--- MATERIAL FOR THE TASK Enclosed Below ---

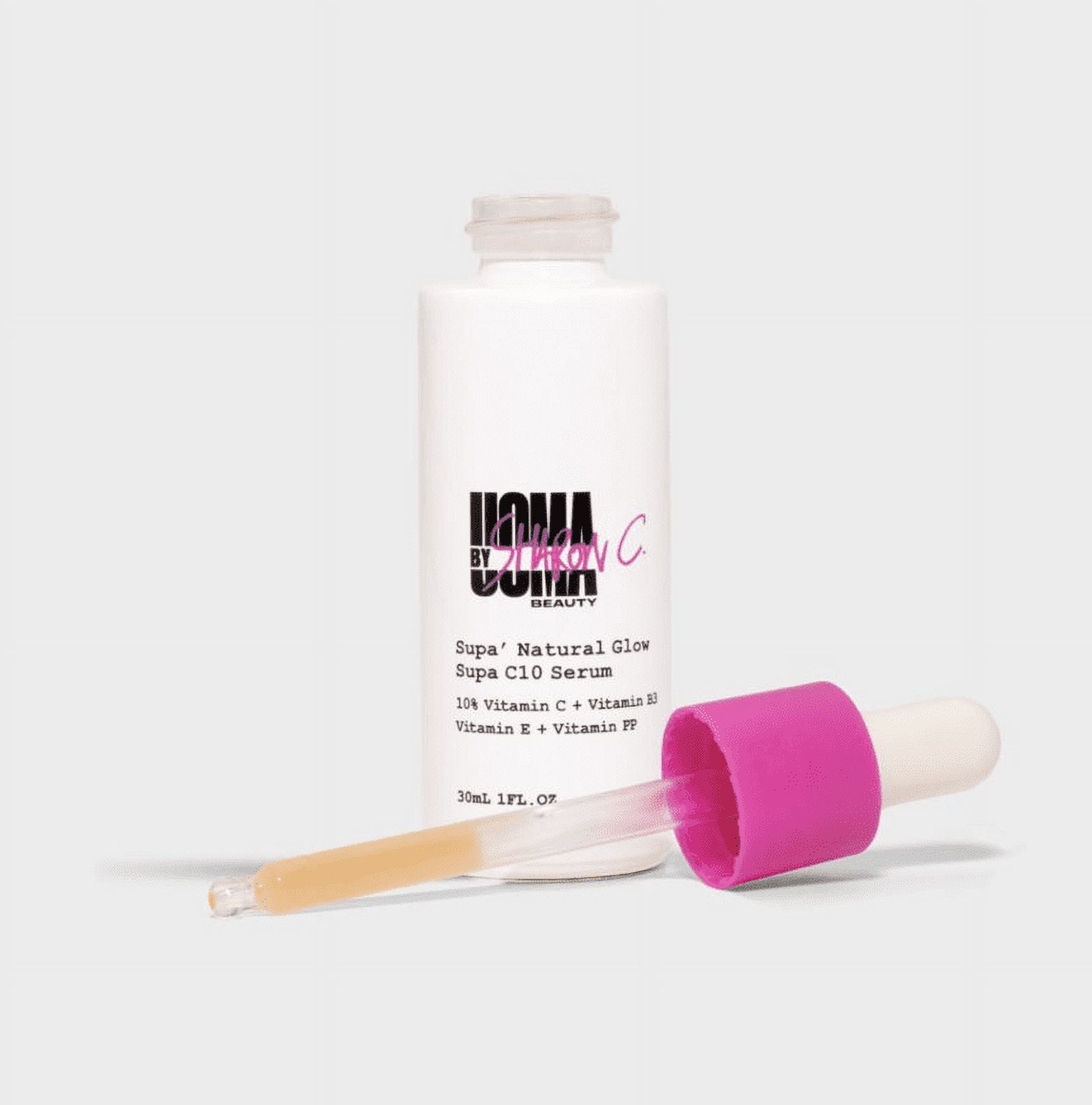 Uoma By Sharon C, Supa' Natural Glow Serum - Supa C10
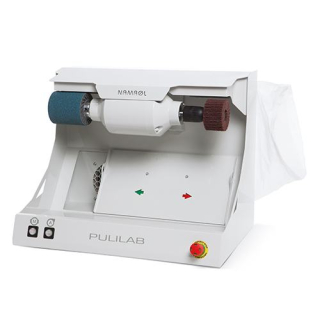 Namrol Pulilab Grinding Machine With Dust Extraction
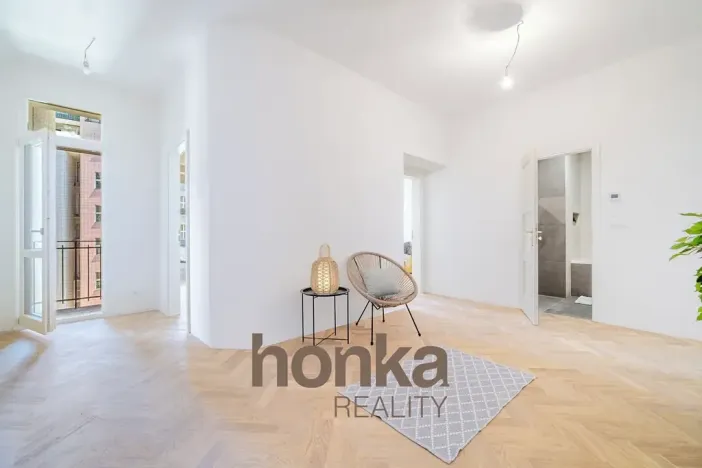 Prodej bytu 3+1, Praha - Holešovice, Janovského, 110 m2
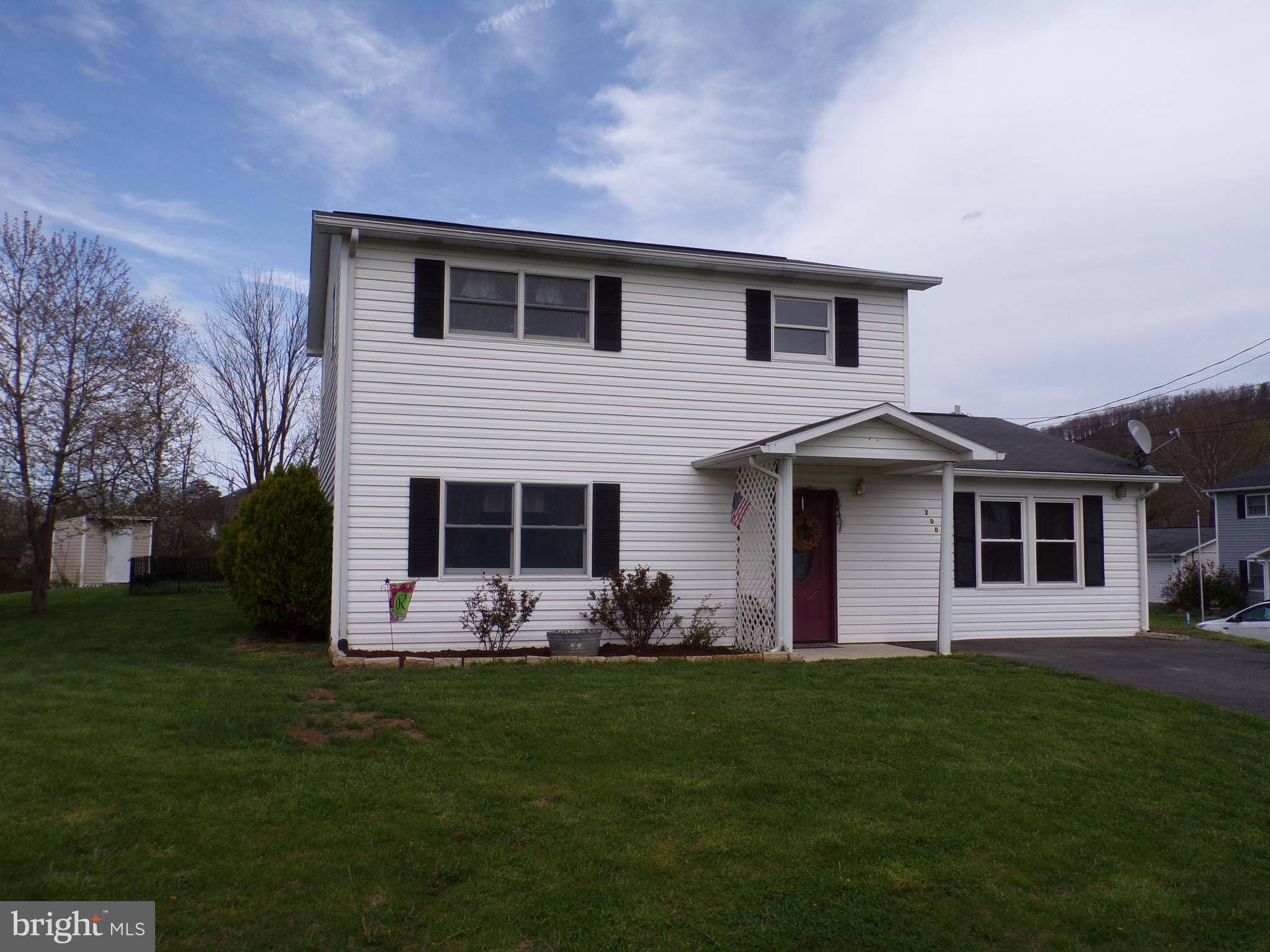 Keyser, WV 26726,200 BOBWHITE DR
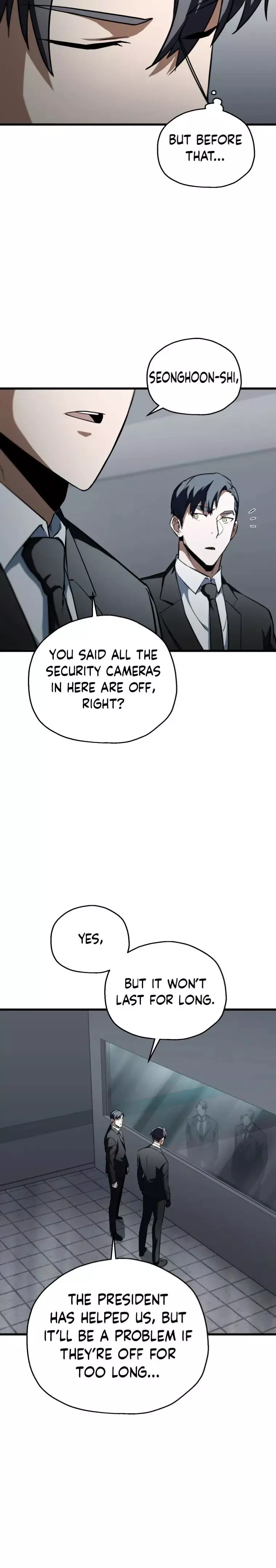 The Player That Can't Level Up Chapter 119 page 19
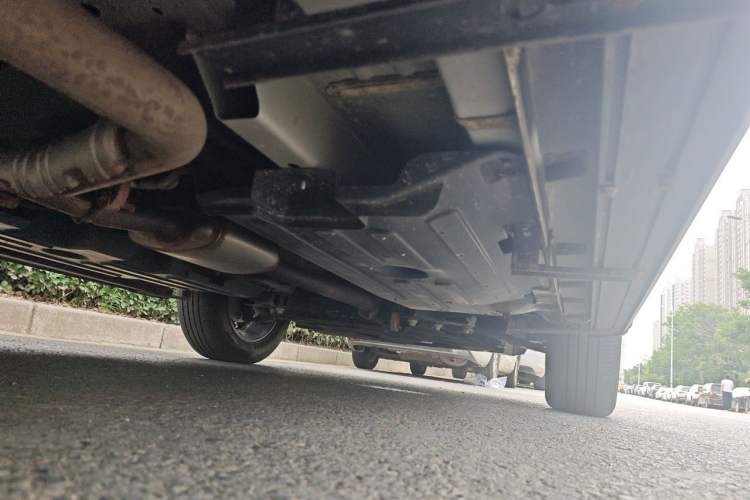 Used Haval DARGO 2024 1.5T DCT Border Collie Edition Chassis Rear Right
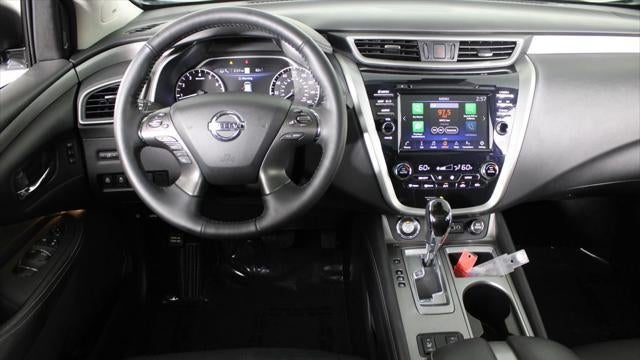 2021 Nissan Murano SL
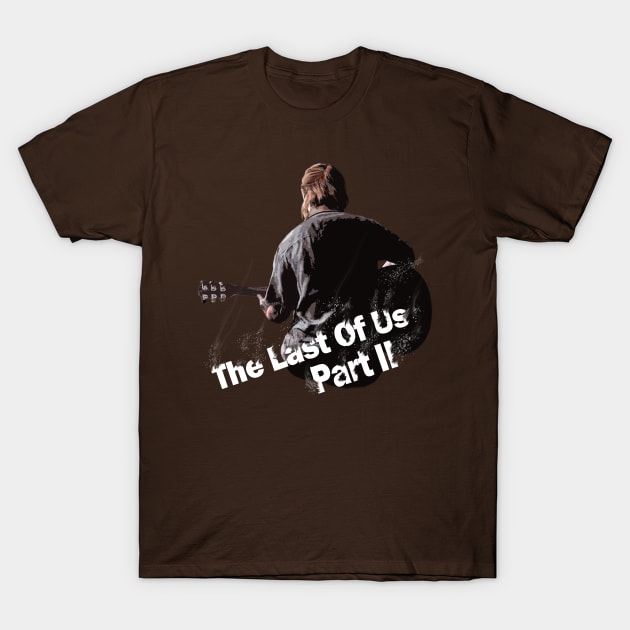 the last of us 2 T-Shirt by AndreyG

--- End of Enclosed MATERIAL FOR THE TASK ---

● **TASK ITEM**
In the records above, find the line containing "Namrol Pulilab Grinding" and restate it and every line after it word for word, all pictures excluded.

● **TASK OUTPUT**
 Namrol Pulilab Grinding Machine With Dust Extraction
 Prodej bytu 3+1, Praha - Holešovice, Janovského, 110 m2
 Keyser, WV 26726,200 BOBWHITE DR
 The Player That Can't Level Up Chapter 119 page 19
 Used Haval DARGO 2024 1.5T DCT Border Collie Edition Chassis Rear Right
 2021 Nissan Murano SL
 the last of us 2 T-Shirt by AndreyG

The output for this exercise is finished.